■ Recorded data ■
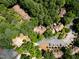 A serene aerial view of a community with trees, tennis courts, parking, and a playground at 113 Twisted Oak Pl, Durham, NC 27705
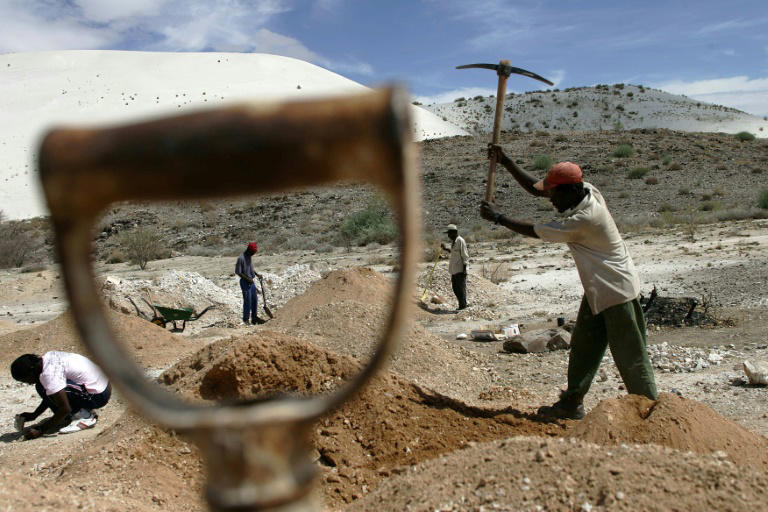 Workers using hand tools to dig and sort mineral-rich soil at an open-pit site in a dry, hilly landscape.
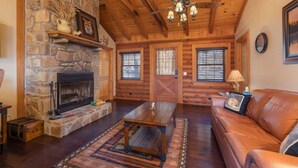 A log cabin interior with a stone fireplace, wooden ceiling beams, a leather sofa, and a stone wall. - "Fox Trail" Luxury cabin at Branson Woods Resort (Branson)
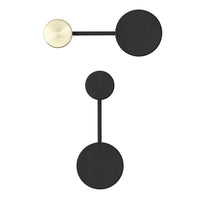 Black and gold geometric earrings featuring circular shapes and sleek lines, perfect for modern style.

■ The problem ■
Restate each line of the material word for word, skipping any picture.

■ Answer section ■
 A serene aerial view of a community with trees, tennis courts, parking, and a playground at 113 Twisted Oak Pl, Durham, NC 27705
 Workers using hand tools to dig and sort mineral-rich soil at an open-pit site in a dry, hilly landscape.
 A log cabin interior with a stone fireplace, wooden ceiling beams, a leather sofa, and a stone wall. - "Fox Trail" Luxury cabin at Branson Woods Resort (Branson)
 Black and gold geometric earrings featuring circular shapes and sleek lines, perfect for modern style.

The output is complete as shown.